Für eine wirklich gründliche Suche müssen wir auch in papierne Karteien und Findmittel schauen. Deshalb nehmen Sie, wenn es auf Gründlichkeit und nicht auf Schnelligkeit ankommt, mit uns Kontakt auf.

In der folgenden Tabelle finden Sie zu verschiedenen Themenbereichen a) die passenden Suchbegriffe, um entsprechende Archivalien zu finden und b) Verweise auf die Unterlagen einiger Behörden und Gerichte, die im Kontext besonders brauchbar sind. Wenn Sie selbst suchen, sollten Sie stets die Erweiterte Suche verwenden, um den Zeitraum einzugrenzen.

Themenbereich

Suchbegriffe, konkrete Bestände

Innere Sicherheit a) Zeitfelder: 1944-1948, Suchtext: [Ortsname] kombiniert mit Kriegssonderstrafrecht, Kriegswirtschaft*, Wehrkraftzersetzung, Volksschädlings*, Heimtücke*, Standrecht*, Polizei, Gendarm*, Plünder*, Ausschreit*
Personen und ihre Rolle a) Zeitfelder: 1945-1951, Suchtext: [Vorname], [Nachname], evtl. Geburtsort
Besatzungstruppen a) Zeitfelder: 1944-1947, Suchtext: [Ortsname] kombiniert mit Beschlagnahme, Requisition, Einquartierung, Truppe, Entschädig*
b) StAF D 5/1 Entschädigungsgericht Freiburg, HStAS EA 2/303 Landespolizeipräsidium
Versorgung und Ernährung a) Zeitfelder: 1944-1945, Suchtext: [Ortsname] kombiniert mit Getreide, Ernährung, Versorgung, Brenn*
Kriegsschäden a) Zeitfelder: 1944-1946, Suchtext: [Ortsname] kombiniert mit Bombe*, Schade*, schädi*, Flieger*, Brücke*
b) GLAK 236 Badisches Innenministerium
Schule a) Zeitfelder: 1944-1946, Suchtext: [Ortsname] kombiniert mit Schul*, Lehr*, Unterricht*
Zeitzeugenberichte a) Diese Strategie verheißt hier wenig Ergebnisse.
b) HStAS J 175, Wettbewerb "Ältere Menschen schreiben Geschichte"

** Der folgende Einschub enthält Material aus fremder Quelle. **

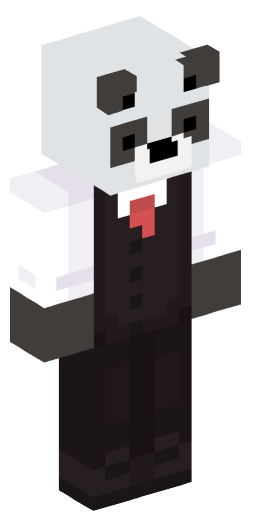 Minecraft Skin #221710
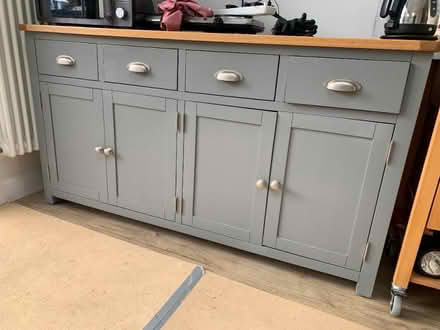 Photo of free Dresser (Petts Wood BR5) #1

Die Akten der Besatzungsbehörden beleuchten das Kriegsende aus der Rückschau. Von den US-Besatzungsbehörden (Office of Military Government, US Zone OMGUS) liegen die Papierakten, die in Washington lagern, auf Mikrofilmen vor, aber ohne Online-Erschließung (HStAS J 384, GLAK Q).

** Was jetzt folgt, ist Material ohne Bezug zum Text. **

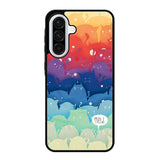 Cats Mew Samsung Galaxy A56 5G Case RC1175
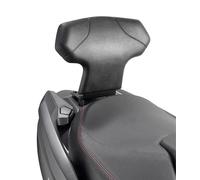 GIVI TB3115 Espaldar Pasajero Apoyabrazos Para SUZUKI BURGMAN 400 2017-21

Für die französische Besatzungszone gibt es ein Quelleninventar, das Unterlagen deutscher Behörden widerspiegelt. Die Akten der französischen Besatzungsbehörden lagern in mehreren Beständen im Centre des Archives diplomatiques in La Courneuve bei Paris. Es gibt dazu ein Überblicksdokument für Recherchen in französischer Sprache.

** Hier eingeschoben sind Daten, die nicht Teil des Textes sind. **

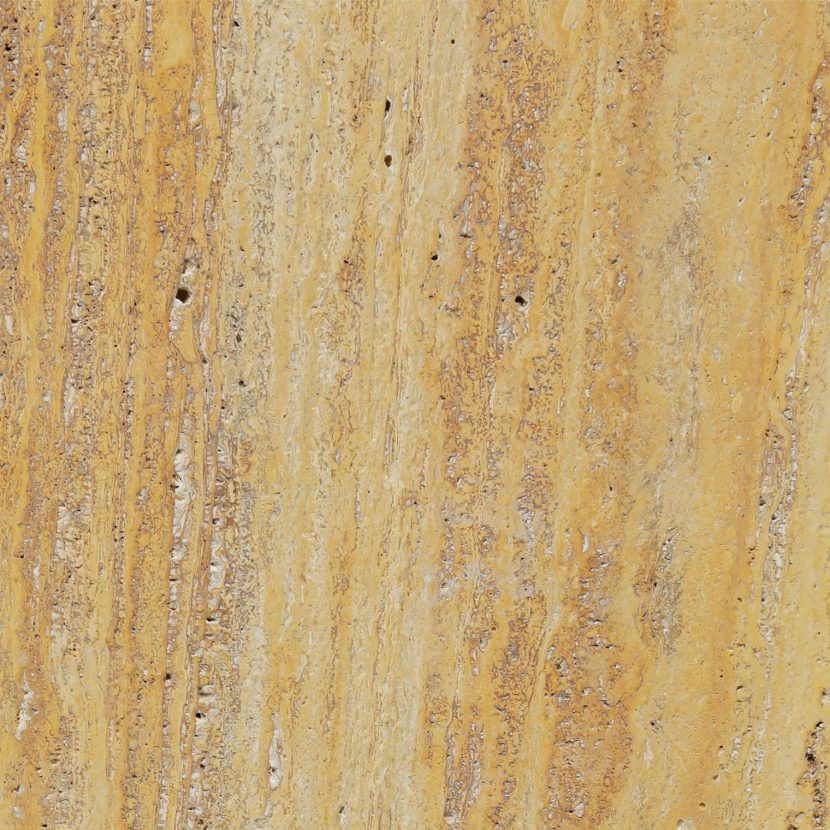 Sarı Rodos -düz kesim - fırçalı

II.c) Papierne Bestände in anderen Archiven, Bibliotheken und sonstigen Einrichtungen

Auch in anderen Archiven können Sie nach den oben angegeben Themen suchen. Viele haben Online-Kataloge, andere können Sie mit einer E-Mail um Rückmeldungen bitten.

Eine Übersicht für Baden-Württemberg finden Sie auf www.archive-bw.de.

Viele Zeitzeugenerinnerungen finden sich im Deutschen Tagebucharchiv, das einen Online-Katalog bereithält.

Einige örtliche Büchereien, vor allem aber die Landes- und Universitätsbibliotheken halten noch Bücher aus den Jahren 1944 bis 1947 vor. Diese finden Sie landesweit durch entsprechende Suche auf dem übergreifenden Bibliothekskatalog SWB.